Per fare il più banale tra gli esempi: il deserto con la sua arsura infernale farà scendere ogni tot tempo gli health points dei nostri personaggi rendendo necessarie cure più frequenti.
Purtroppo alle volte queste meccaniche ambientali unite a nemici agguerriti e ad un respawn rate di questi ultimi,alle volte, troppo elevato rendono stupidamente frustrante il titolo obbligando il giocatore ad un’ avanzamento lento e poco fluido che viene ulteriormente funestato da un’ economia in-game decisamente poco permissiva.
I mostri del titolo alla morte non droppano soldi ma loot generici che vanno venduti o utilizzati come materiali per il crafting.

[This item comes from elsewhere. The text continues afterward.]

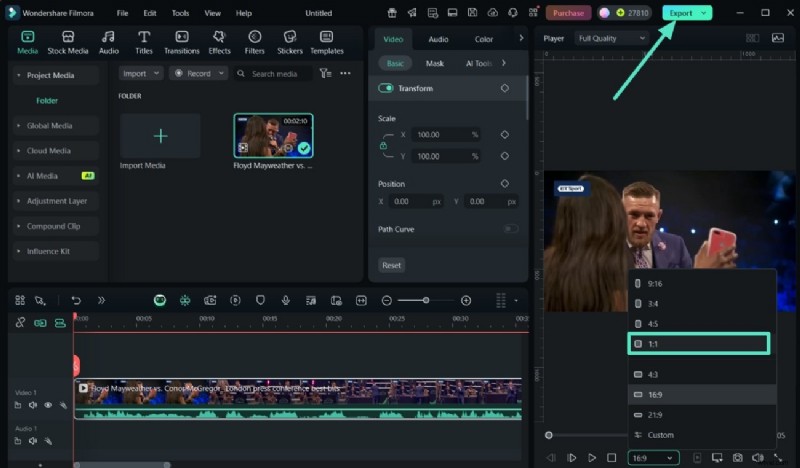 Create Square Instagram Videos with iMovie: A Step‑by‑Step Guide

Questo obbligherà il giocatore a scegliere con grande cura cosa vendere per comprare delle pozioni e cosa mantenere per migliorare la propria condizione in battaglia. Il tutto, a causa del già citato bilanciamento, rende difficile un’ avanzata fluida e divertente dall’inizio alla fine.
Da segnalare inoltre la presenza di una particolare modalità di battaglia che ricorda molto da vicino le battaglie campali del buon vecchio Suikoden II in cui due schieramenti cozzano tra loro con in un ottica da SRPG.
Dove Legrand Legacy splende di luce propria è il comparto tecnico: il titolo è una vera e propria meraviglia sia per le proprie pupille che per i propri timpani. Gli sfondi che caratterizzano la nostra avventura sono di qualità eccelsa e richiamano in più occasioni gli splendidi lavori che hanno caratterizzato titoli come Chrono Cross o Final Fantasy IX.
I modelli poligonali dei nostri personaggi, nonostante non brillino per qualità o per numero di poligoni, si amalgamano correttamente con il resto del mondo di gioco creando lo stesso feeling visivo dei titoli ps1 tanto amati dal team.
Altrettante belle parole si possono dire sul comparto musicale che caratterizza il titolo: la colonna sonora, ampiamente ispirata ai lavori di pezzi da novanta come Nobuo Uematsu o Yasunori Mitsuda, presenta un’ ampia selezione di temi ariosi ed orchestrali con melodie memorabili e strumentazioni variegate.
Un ascolto che probabilmente entrerà nelle playlist degli appassionati del genere senza troppi problemi.
Ultimo grande punto a favore per Legrand Legacy: la longevità azzeccata.
La durata del titolo si attesta infatti sulle trenta/quaranta ore e, nonostante alcune sezioni un po’ trascinate, si conferma come durata corretta per un titolo che poteva tranquillamente essere dilungato oltre la soglia di sopportazione.
Legrand Legacy è un gioco pieno d’amore che guarda con gli occhi a cuoricino un’intero immaginario videoludico. Nel corso della decine di ore di gioco necessarie al completamente troverete piccoli richiami e situazioni che sembrano provenire da un’epoca ormai lontana. Dedicato a tutti gli appassionati ma in grado di far sorridere (ed arrabbiare) i neofiti.
Abbiamo recensito Legrand Legacy grazie ad una key di steam fornitaci da Semisoft.